Raging Slab. What a fucking great band name. And what a fucking great band — assuming, of course, that you like your southern-fried rock upgraded and updated with twisted, sharp-witted lyrics and doses of stoner-rock, punk and metal. I sure do — and did from the very first time I heard them way back in the ’80s, when the buckskin-clad rock ’n’ roll outlaws unleashed their debut full-length Assmaster on the unsuspecting and unprepared masses.
Fronted and anchored by the dynamic duo of rusty-piped singer-guitarist (and Buffalo Bill lookalike) Greg Strzempka and badass slide guitarist Elyse Steinman (who played guitars shaped like the continental U.S.), the mighty Slab served up a raucous, rollicking brand of gritty, greasy groove-rawk that served as a much-needed antidote to the antiseptic sounds of the day. Despite (or more likely, because of) that, they never really garnered the fame and glory they so richly deserved, despite putting out a handful of killer albums and a shit-ton of great songs with titles like Alpha Jerk, King Pompadour, Shrivel and Get Off My Jollies. Not that it mattered to me. I still prize my original vinyl copy of Assmaster (complete with comic book), and cherish the memory of that time in the ’90s when I was lucky enough to catch them live at some Lower East Side shithole during a music conference in their then-stomping grounds of New York.

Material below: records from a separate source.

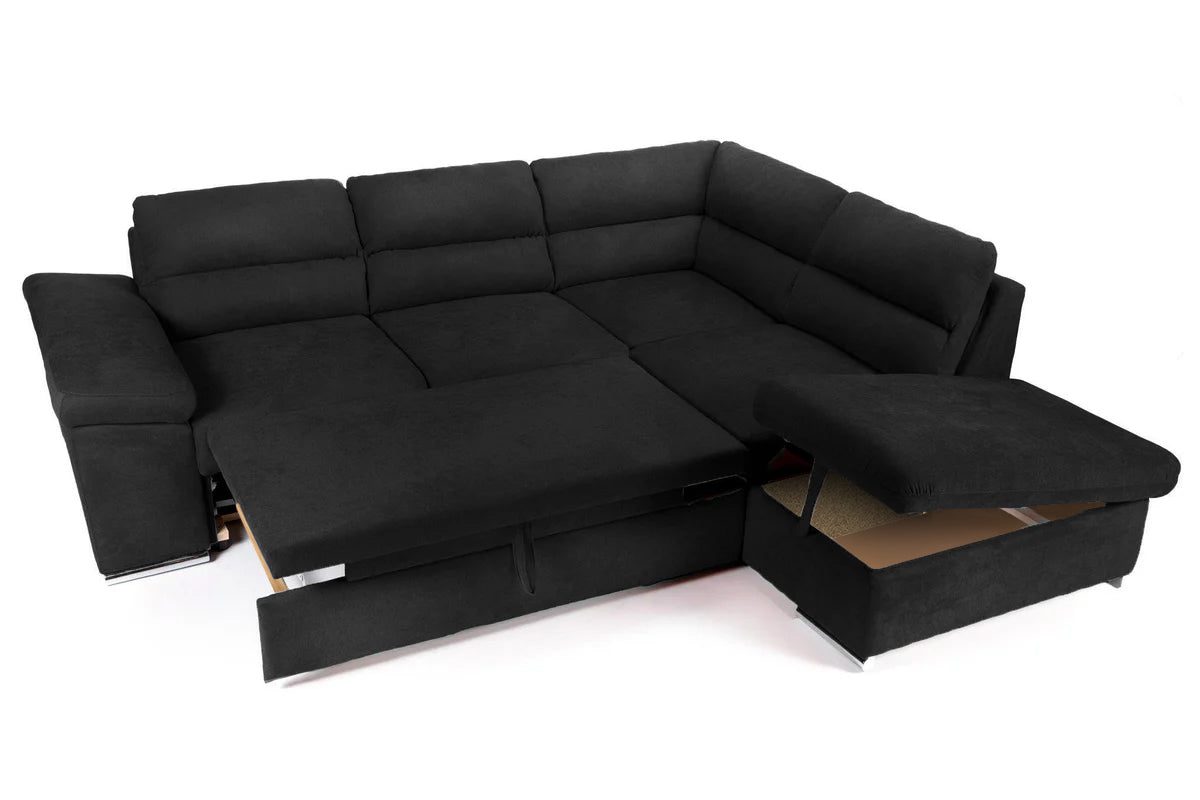 Colțar Extensibil ALONSO, cu ladă de depozitare, variante stânga/dreapta 260x220x85 cm Prestige Home
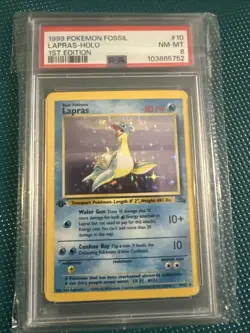 1999 Pokemon Fossil Lapras-holo 1st Edition Psa8 - Image 1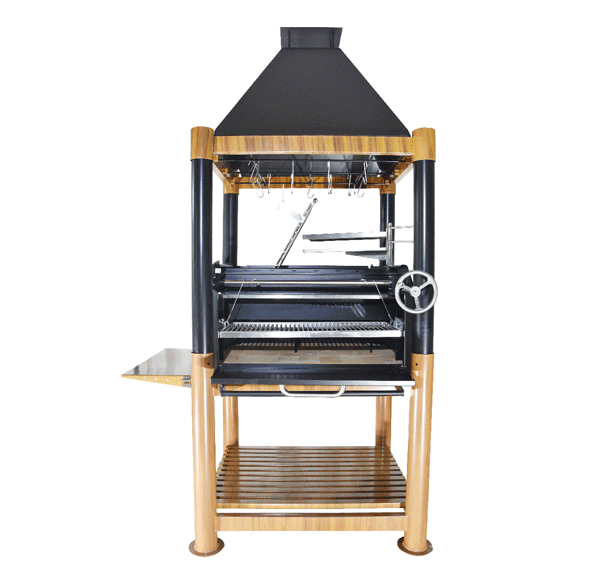 Tagwood BBQ The Beast Argentine Santa Maria Style 36" x 17" Stainless Steel Wood Fire and Charcoal Gaucho Grill BBQ02SI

Of course, that was a long time ago. As the years went by and the Slab slowly faded from view — their last album was 2002’s (pronounced ēat-shït) — I assumed they were retired and forgot about them. The other day, however, I came across their name while re-reading a bio of their old pal and drinking buddy Joey Ramone, and I decided to look them up online. To my joy and surprise, I discovered they just released their first album in 18 years, with Melvins drummer Dale Crover behind the kit to boot. To my shock and sadness, I learned the album — Sisterslab and the Boogie Coalition: Vol. 1, a collection of covers by the likes of everyone from Nils Lofgren to Devo to Flaming Groovies, among more — collects some of the final recordings of Steinman, who passed away in 2017 after a battle with cancer. Needless to say, it’s a bittersweet, emotionally charged return. Still, despite (or more likely, because of) the circumstances, it rocks like a mother. I’ll shut up now and let her musical and life partner Strzempka tell the whole story below. I’ll just say RIP Elyse. Thanks for all the incredible albums. Including this one.

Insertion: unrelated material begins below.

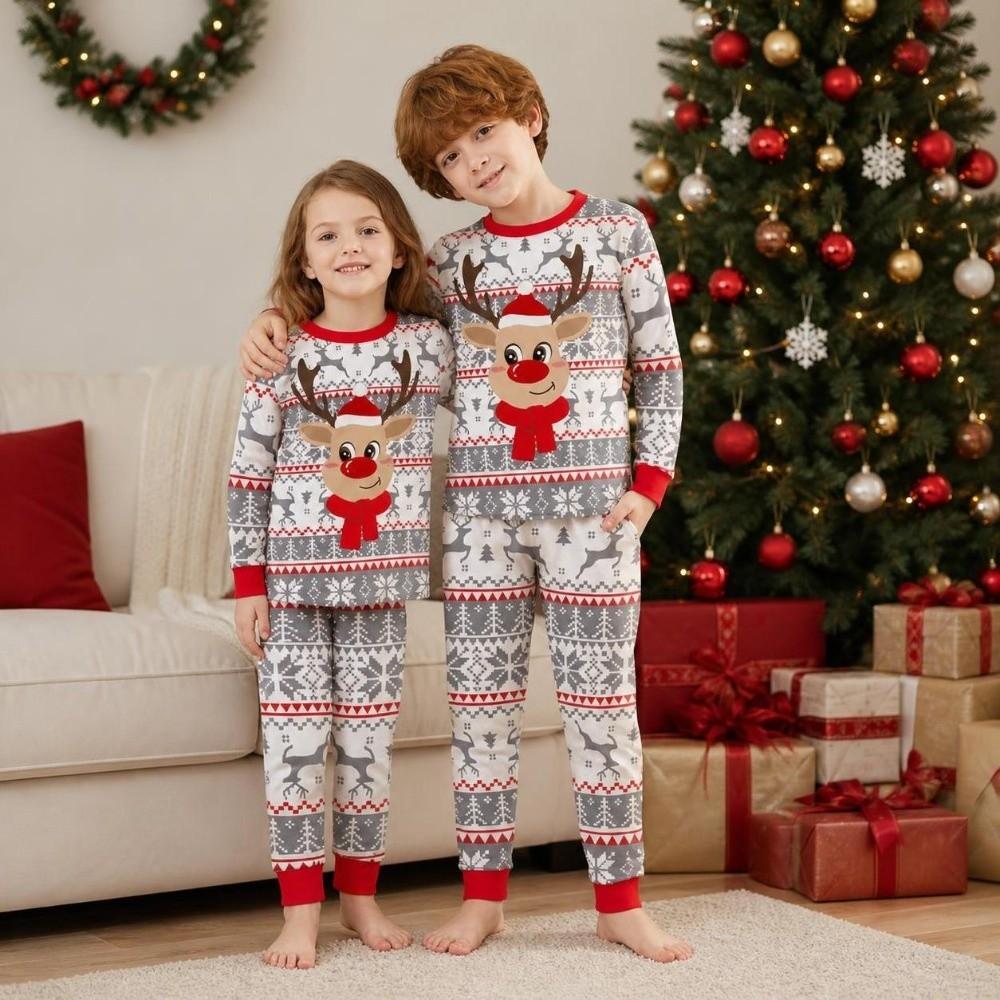 Long Sleeve Family Matching Pyjamas Xmas Deer Top+Pants New Christmas Pyjamas Set Men Women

THE EDITED PRESS RELEASE: “It was on an August afternoon when my wife Elyse Steinman learned she had stage 3B lung cancer. She had been experiencing intense upper back pain for months that couldn’t be explained by any physical stress or activity, and after several months of her doctor treating it as a back/spine issue, it was suggested that she get a CAT scan which revealed a golfball-sized tumor in her right lung that was pressing on her aorta and another smaller mass in her left lung, A subsequent biopsy showed the growth as malignant and, with that news, so began a daily series of doctors appointments, scans, scans, scans, radiation therapy, chemotherapy, immunotherapy, surgical procedures, lung drainings, (scans, scans, scans) and countless other indignities that could only serve to prolong her life as a “cure” was very very unlikely.
The ﬁrst thing Elyse said to me after learning her diagnosis was; “No more fucking cooking or cleaning!” The second thing she said was; “I want to do some recording.” As bucket lists go, this was relatively easy…we had shared housework duties anyhow, (although I think Elyse preferred her cooking to mine so she tended to cook more often) and our band, Raging Slab had maintained a “home studio” since the early ’90s. And so began our new routine, chemo appointments three days a week and radiation in between, We’d get home, eat and then go in the studio and Elyse would sing until she couldn’t. Elyse was a slide guitarist as well, but because her cancer had spread to her bones, she was unable to play or even hold a guitar without excruciating pain. Singing, however was as she put it, “the only thing that makes the pain stop.”
So I made sure Elyse sang as much as she wanted to. Because she received radiation in her chest, and because the radiation literally burned her esophagus and vocal chords, her voice would change tone and timbre by the day, and because I didn’t know how long she was going to be with us I tended to roll tape and not erase anything, her chemo made her quite ill sometimes and there are vocal takes of her throwing up mid-song, or having a coughing ﬁt so bad I can be heard dialing an ambulance, as well as many MANY takes that end in crying and/or screaming … most sessions ended up with 30 or more full or partial vocal takes. Elyse lived for another 3 1/2 years, beating all expectations, and during which time we were able to record 25 songs in total. Having these songs released on vinyl would would have been a dream come true for a record collector like Elyse, my most sincere thanks to Dale Crover and Joyful Noise for making this LP possible.
All the songs are covers, All of them chosen by Elyse. And ALL of the singing made her pain stop for a little while. Please, sing along. — Gregory Strzempka, Nov 5, 2020.”